First, the question of variable names has no simple answer. In general, short variable names are fine whenever there are only a few ideas being represented and they're obvious. When the number of pieces of information an algorithm needs to refer to grows beyond say three, longer variable names are essential because you need to shift names from the abstract to the concrete. We don't remember abstractions nearly as well as we remember concrete things. Also, concrete names can contribute to the readability of a complicated algorithm in a way names like % just can't. There are times when I'll break this guideline - my new File Manager tools for example introduce lots and lots of short variable names for reasons I'll explain when I publish that project - but most of the time it's a good guideline.

Second, many MUMPS programmers would think it's strange to rearrange lines - let alone to introduce argumentless do commands and blocks - just to tighten up the scope of variables, but that's because they spend too much time reading code they already understand and not nearly enough struggling through other people's complicated logic. Especially when variables are reused for more than one piece of information - which even this subroutine does - the shifting meaning of variables can be the very hardest thing to understand, the easiest to get wrong and screw up.

I can't count the number of times I was led down a false path in troubleshooting because I didn't realize that a variable now contained a different piece of information, or that it couldn't possibly be defined now. Over the decades I've figured out that some programmers create complicated messes in the symbol table because they too have lost track of their variables and are just desperately hoping it will all work when they release it to the field.
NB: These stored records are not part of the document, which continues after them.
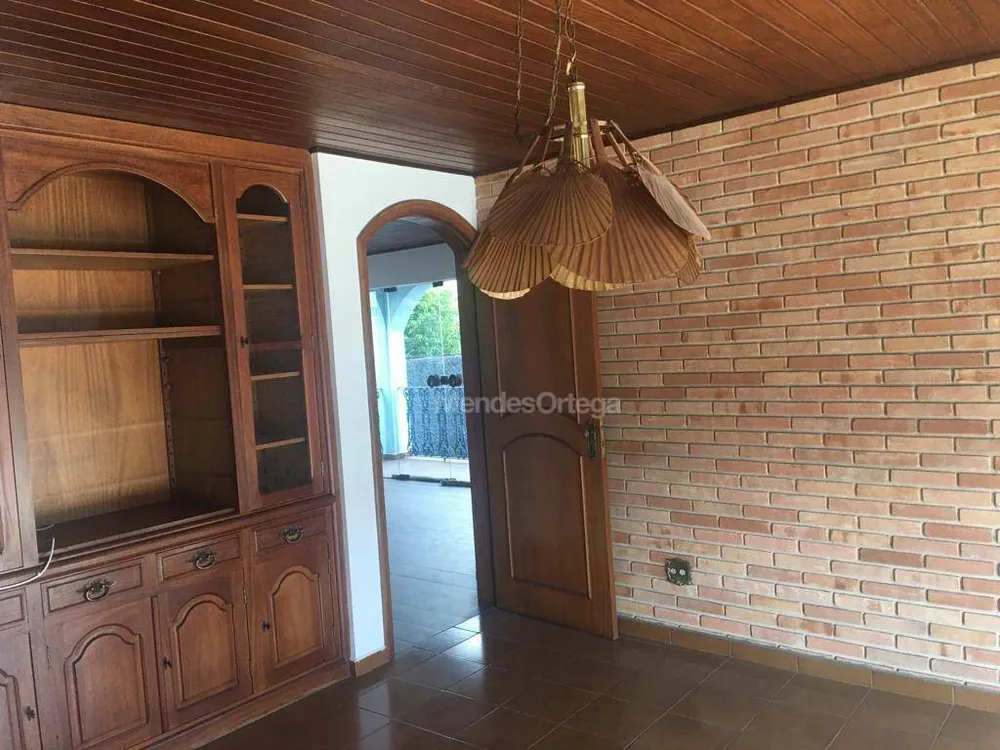 Casa, 3 quartos, 400 m² - Foto 3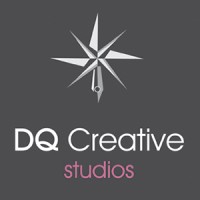 DQ Creative Studios logo, DQ Creative Studios contact details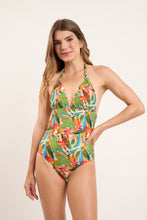 Laad de afbeelding in de Gallery-viewer, Image 06: Rio De Sol One-Piece Tropical Mel-Op
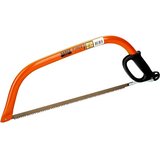 Bahco PILA RUČNA 760 MM | Eponuda.ba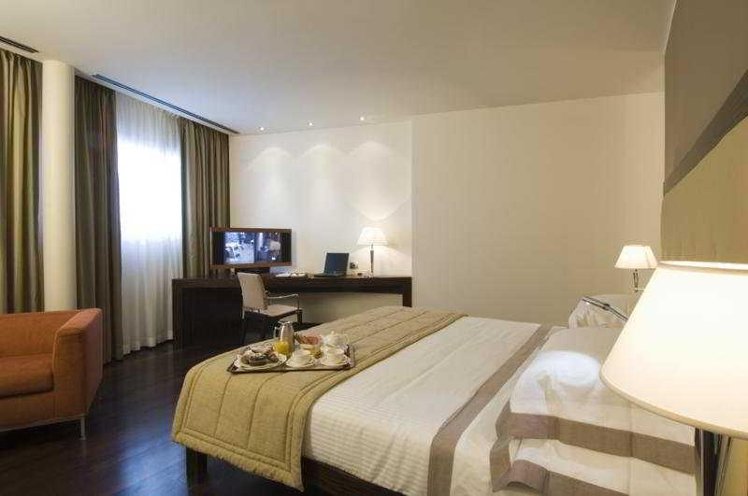 Cruise Milan Holidays To Italy Plan My Tour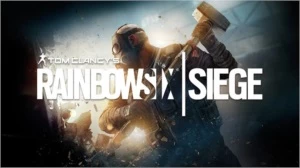 Tom Clancy’s Rainbow Six® Siege (+2 jogos) - Jogos (Mídia Digital)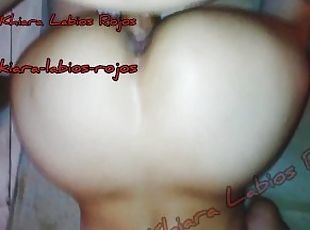 traseiros, cona-pussy, amador, adolescente, brinquedo, latina, doce, vagina, fetiche, argentino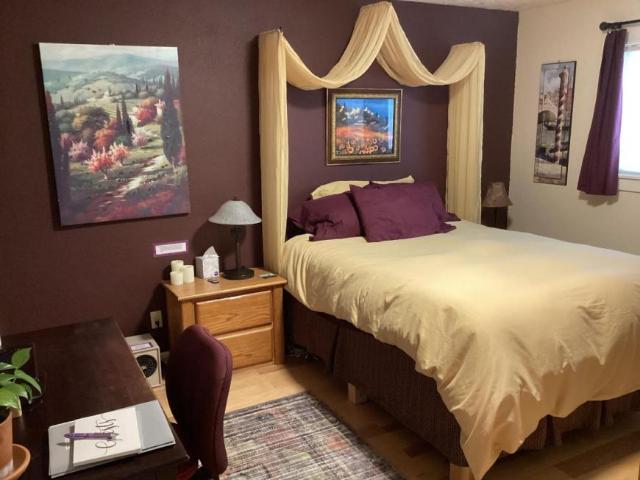 1 bedroom, m OR 97305 105847636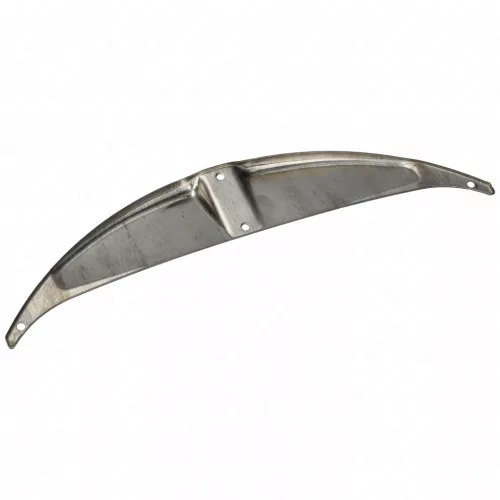 Lemez (eredeti) CANDY szárítógép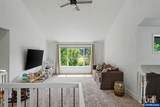 461 Walnut Av - Photo 30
With the advent of the 1990 standard, there's no longer any excuse for that kind of confusion in the symbol table. We can use not just the set and kill commands, but also the new and argumentless do commands to ensure that variables you only need for a couple lines exist only for those two lines, and that those you need for the entire subroutine survive for the entire subroutine. Making this distinction clear to your reader will help them more than almost anything else in prioritizing the data, in knowing which data is the main focus of your algorithm and which is just short-lived helper data used to calculate something more important.

8) The next step is to find where the same variable name is used to store different things at different times. To reduce the confusion for the reader, it's better to split up such variables until each name maps to just one piece of information. In H^%DTC we split the %Y output variable (day of the week) from two previous %Y values; # years counting from Fileman's year 0 becomes YEARFM and # years counting from $HOROLOG's year 0 becomes YEARH. Choosing names in such cases is quite the art, since you need to clearly distinguish them from each other and from other related variables (like the true year in the LEAPDAYS block, which we renamed from Y to YEAR).

Also, upon reflection, to improve the clarity of the final set to the %H output variable we split that %H from the earlier set to %H that counted the number of days in the current year (which we name DAYS). All this variable renaming and splitting lets us replace

Code:

S %H=(%H+(%Y*365)+DILEAP+%)

with

Code:

S %H=YEARH*365+LEAPDAYS+DAYS+IMPRECIS

which is a much more readable line of code.

9) Add structural and explanatory comments to divide H into logical steps.

10) Add examples to the parameter comments.

11) Replace the postconditional set in the LEAPDAYS block with if and set commands. This is a matter of taste. Postconditions used to be absolutely essential to write horizontal MUMPS. Now that MUMPS is more vertical, each postcondition in older code needs to be reevaluated to decide whether it is clearer for readers as a postcondition or separated into separate commands. In this case, I wanted to unpack the algorithm to emphasize the condition.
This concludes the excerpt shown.